Tuesday, October 20, 2009

About HELOCs

A home-equity line of credit (HELOC) works almost like a credit card, only it's secured by your home's equity
(the market value minus the mortgage). Whatever the size of your credit line, you pay interest only on the amount
you use. If your line's maximum is $50,000, you can borrow $5,000 or $20,000, repay and borrow again as long as
you don't exceed the limit. Pointers:

1. Use for ongoing expenses, not big one-time costs.
A HELOC comes in handy for paying college tuition or for a multiyear home renovation because you can dip in only
as needed. You might also have one in place for emergencies if, say, you lose your job. If you're borrowing for one
big expense, you're better off with a fixed-rate home-equity loan.

2. Hunt for a low permanent rate.
Teaser rates (now less common) go as low as 5.25% but will jump later. All HELOCs charge a variable rate based on
prime (currently 8.25%), plus or minus a margin. Look for incentives: A bank may shave off 0.25% if you do your
checking there and an equal amount if you sign up for automatic payments.

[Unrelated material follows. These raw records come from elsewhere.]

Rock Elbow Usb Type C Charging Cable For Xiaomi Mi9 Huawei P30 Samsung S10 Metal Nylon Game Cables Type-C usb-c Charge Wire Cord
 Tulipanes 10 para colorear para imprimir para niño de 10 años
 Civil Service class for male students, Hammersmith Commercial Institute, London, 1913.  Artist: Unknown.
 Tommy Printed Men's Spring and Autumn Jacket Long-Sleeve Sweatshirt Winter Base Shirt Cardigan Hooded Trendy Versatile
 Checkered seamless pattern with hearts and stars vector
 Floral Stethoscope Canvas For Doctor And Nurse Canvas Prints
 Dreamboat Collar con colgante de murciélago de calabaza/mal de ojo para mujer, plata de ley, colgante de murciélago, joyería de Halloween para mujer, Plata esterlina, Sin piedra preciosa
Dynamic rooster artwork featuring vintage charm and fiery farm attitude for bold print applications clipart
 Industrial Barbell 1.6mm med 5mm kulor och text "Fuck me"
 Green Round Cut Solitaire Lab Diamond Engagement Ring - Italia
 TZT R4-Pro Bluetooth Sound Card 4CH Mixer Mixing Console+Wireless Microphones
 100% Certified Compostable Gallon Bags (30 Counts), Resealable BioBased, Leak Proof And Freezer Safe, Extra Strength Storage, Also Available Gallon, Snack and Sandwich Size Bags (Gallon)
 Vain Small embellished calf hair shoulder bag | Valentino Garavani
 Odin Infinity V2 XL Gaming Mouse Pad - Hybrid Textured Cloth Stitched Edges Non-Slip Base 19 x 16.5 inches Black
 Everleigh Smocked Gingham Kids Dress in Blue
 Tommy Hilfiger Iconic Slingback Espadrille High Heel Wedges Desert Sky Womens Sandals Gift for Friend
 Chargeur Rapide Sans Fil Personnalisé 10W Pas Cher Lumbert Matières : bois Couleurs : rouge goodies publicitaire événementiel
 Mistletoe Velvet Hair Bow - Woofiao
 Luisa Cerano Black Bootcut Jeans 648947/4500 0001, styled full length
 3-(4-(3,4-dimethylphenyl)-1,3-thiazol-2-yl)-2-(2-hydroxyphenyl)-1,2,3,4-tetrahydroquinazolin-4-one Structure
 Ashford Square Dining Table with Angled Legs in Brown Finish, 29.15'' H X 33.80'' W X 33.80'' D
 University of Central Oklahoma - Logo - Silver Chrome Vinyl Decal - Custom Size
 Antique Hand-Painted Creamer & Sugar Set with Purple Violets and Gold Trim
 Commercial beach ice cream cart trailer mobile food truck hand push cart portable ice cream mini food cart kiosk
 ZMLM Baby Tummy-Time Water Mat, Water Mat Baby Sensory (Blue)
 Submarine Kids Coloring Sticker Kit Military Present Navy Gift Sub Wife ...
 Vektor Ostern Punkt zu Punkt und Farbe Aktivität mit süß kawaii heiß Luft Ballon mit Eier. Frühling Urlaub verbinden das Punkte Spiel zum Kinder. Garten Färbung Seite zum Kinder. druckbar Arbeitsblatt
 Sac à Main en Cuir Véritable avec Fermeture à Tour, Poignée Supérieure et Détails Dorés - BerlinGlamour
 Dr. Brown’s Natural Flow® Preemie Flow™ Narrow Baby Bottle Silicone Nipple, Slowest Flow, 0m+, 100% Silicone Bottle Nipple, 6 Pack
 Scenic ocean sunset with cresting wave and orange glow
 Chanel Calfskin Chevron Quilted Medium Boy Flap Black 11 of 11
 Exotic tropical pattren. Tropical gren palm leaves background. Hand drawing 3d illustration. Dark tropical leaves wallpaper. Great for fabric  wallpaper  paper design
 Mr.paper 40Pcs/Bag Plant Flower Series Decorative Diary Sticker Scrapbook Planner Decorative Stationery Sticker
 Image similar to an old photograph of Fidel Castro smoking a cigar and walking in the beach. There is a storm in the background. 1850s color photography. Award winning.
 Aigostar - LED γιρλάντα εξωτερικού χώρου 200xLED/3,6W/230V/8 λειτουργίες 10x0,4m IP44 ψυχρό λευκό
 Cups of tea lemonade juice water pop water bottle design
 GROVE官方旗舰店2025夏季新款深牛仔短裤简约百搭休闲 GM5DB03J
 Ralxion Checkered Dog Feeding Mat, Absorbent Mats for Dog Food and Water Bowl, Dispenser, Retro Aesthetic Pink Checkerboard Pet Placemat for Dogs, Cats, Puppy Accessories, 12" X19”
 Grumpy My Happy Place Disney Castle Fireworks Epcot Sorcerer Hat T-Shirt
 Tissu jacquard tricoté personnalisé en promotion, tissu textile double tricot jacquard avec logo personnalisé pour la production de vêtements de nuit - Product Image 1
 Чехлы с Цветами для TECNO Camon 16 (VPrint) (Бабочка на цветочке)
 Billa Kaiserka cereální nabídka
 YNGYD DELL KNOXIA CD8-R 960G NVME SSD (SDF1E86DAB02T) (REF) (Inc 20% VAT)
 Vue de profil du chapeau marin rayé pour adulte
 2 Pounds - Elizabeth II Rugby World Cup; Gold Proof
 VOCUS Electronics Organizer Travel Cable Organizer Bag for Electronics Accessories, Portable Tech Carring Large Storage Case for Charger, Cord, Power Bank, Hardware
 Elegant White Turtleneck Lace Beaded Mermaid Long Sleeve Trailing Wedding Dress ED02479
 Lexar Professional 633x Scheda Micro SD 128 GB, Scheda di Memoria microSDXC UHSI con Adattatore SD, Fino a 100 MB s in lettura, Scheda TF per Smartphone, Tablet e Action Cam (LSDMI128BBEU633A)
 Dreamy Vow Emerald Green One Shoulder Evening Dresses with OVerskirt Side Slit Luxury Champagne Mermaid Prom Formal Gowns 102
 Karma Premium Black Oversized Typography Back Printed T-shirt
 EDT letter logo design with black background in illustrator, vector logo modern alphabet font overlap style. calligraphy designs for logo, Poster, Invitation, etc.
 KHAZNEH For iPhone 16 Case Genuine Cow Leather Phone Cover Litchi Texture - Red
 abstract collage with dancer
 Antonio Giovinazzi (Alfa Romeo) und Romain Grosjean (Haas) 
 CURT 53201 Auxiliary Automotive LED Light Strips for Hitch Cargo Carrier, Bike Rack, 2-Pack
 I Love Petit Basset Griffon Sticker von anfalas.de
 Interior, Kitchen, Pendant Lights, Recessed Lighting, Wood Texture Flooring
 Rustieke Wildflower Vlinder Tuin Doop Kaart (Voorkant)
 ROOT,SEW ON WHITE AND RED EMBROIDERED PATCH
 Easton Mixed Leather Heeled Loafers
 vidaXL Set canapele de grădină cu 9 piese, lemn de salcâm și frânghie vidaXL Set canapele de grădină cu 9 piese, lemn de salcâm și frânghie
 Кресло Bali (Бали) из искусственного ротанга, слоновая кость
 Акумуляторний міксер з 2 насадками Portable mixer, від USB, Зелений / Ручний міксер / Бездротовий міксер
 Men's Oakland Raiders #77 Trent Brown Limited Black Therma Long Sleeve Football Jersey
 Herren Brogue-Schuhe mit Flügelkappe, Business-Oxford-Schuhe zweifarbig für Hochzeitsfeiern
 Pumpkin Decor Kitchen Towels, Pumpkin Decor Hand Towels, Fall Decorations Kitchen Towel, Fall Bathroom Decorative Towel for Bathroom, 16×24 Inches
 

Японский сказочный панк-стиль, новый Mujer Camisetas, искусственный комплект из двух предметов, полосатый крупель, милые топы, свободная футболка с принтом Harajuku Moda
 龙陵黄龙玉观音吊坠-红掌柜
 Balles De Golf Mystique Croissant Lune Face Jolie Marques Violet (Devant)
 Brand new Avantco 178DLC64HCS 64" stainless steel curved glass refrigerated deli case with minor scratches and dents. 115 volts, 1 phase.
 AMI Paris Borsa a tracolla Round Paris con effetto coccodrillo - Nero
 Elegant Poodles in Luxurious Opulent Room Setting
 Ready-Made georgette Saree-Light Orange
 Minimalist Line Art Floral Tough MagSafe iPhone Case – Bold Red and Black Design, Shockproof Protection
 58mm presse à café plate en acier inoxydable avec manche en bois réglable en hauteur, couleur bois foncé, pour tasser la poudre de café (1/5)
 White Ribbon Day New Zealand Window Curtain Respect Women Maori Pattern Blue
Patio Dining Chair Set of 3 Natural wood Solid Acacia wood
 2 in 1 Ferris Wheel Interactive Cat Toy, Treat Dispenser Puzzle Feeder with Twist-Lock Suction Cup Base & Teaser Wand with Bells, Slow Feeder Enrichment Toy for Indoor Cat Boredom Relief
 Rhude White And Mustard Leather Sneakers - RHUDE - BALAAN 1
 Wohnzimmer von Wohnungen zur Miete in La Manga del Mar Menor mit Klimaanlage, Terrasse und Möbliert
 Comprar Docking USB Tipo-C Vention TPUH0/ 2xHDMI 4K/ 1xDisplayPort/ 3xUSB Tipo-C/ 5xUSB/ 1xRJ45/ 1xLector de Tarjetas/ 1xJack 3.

3. Never borrow more than 80% of your equity.
Borrow more and you'll wind up with a higher interest rate. Plus you'll leave yourself vulnerable to having you
equity wiped out by a modest decline in home prices.

4. Shop your own bank first.
Your mortgage lender may cut you a deal since you're already a customer. "They have a lot of your records on file,
which can accelerate the process" and cut administrative costs, says Greg McBride, senior financial analyst for Bankrate
.com. Next, get quotes from at least two other lenders, starting with a credit union or local bank.
Also check rates at bankrate.com.

5. Avoid these gotchas.
Pass on HELOCs that charge a $50 to $100 annual inactivity fee or require a minimum draw at closing
(meaning you have to borrow and start paying interest on, say, $10,000 immediately). Also, beware of
early-termination fees-either a few hundred dollars or a percentage of the balance-for closing the credit line
within the first three years. End your HELOC early and you could be hit with those fees retroactively.

6. Run from a balloon.
HELOCs have a set term, typically 10 years, during which you repay both interest and principal. But watch out
for so-called balloon HELOCs with interest-only payments. Your monthly bill will be lower, but you'll owe all
of the principal once the HELOC comes due. In the worst case, if you can't repay or refinance, you might have
to sell your home. More often, you'll wind up owing more after paying thousands of dollars.